Accounting for Convertible Debt Issued with Stock Warrants

Convertible debt comes with a conversion feature for investors to buy stocks of the issuer. The investors can enjoy the benefits of fixed-income instruments and later can subscribe to shares of the issuing company.

Issuers can attract investors by attaching the stock warrants to the convertible debt as well. The feature further acts as a beneficial conversion feature for investors.

Let us discuss how convertible debt with stock warrants work.

Convertible Debt – Definition

Convertible debt is issued in the form of securities that can be converted to common stock at a specified date and price.

Common examples of convertible debt are bonds and preferred shares. Companies issue these instruments to attract investors primarily. Investors can redeem their initial investment in cash at maturity.
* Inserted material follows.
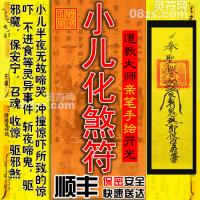 【小儿化煞符】化解小儿灾厄健康护身驱邪安神灵符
The conversion feature provides investors an additional option of purchasing common stocks of the issuer (or a subsidiary company of the issuer). This helps issuers of convertible debt to raise capital easily.

Another common reason to issue convertible debt is to lower the cost of capital. These debt instruments offer flexible options to investors as well. Investors can receive coupon payments (in case of a bond) and convert the investment into common stocks later as well.
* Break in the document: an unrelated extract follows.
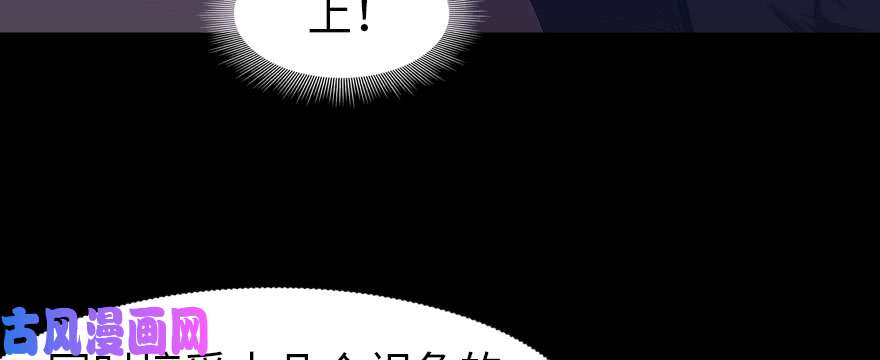 我的病毒女友（移动版）082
Convertible Debt with Stock Warrants

A special type of convertible debt comes with stock warrants. These debt instruments offer dual benefits to investors.

These instruments are convertible. It means the debt (bonds or preferred shares) can be later converted into common stocks. The issuer may embed the conversion for its own stocks or another company of the same group.

These instruments come with stock warrants. It means the investors have an additional option to convert warrants into stocks with specified terms. The issuer would specify the conversion period and prices accordingly.

Convertible debt that comes with stock warrants is a special type of beneficial debt plan for issuers. Both embedded features in the debt instrument act as a “sweetener” for investors. These features help issuers attract more investment and lower the total cost of borrowings.

Accounting for Convertible Debt with Stock Warrants

ASC 470-20 guides on the accounting treatment for convertible debt with detachable warrants. It states that the issuer should first allocate the fair value to both instruments.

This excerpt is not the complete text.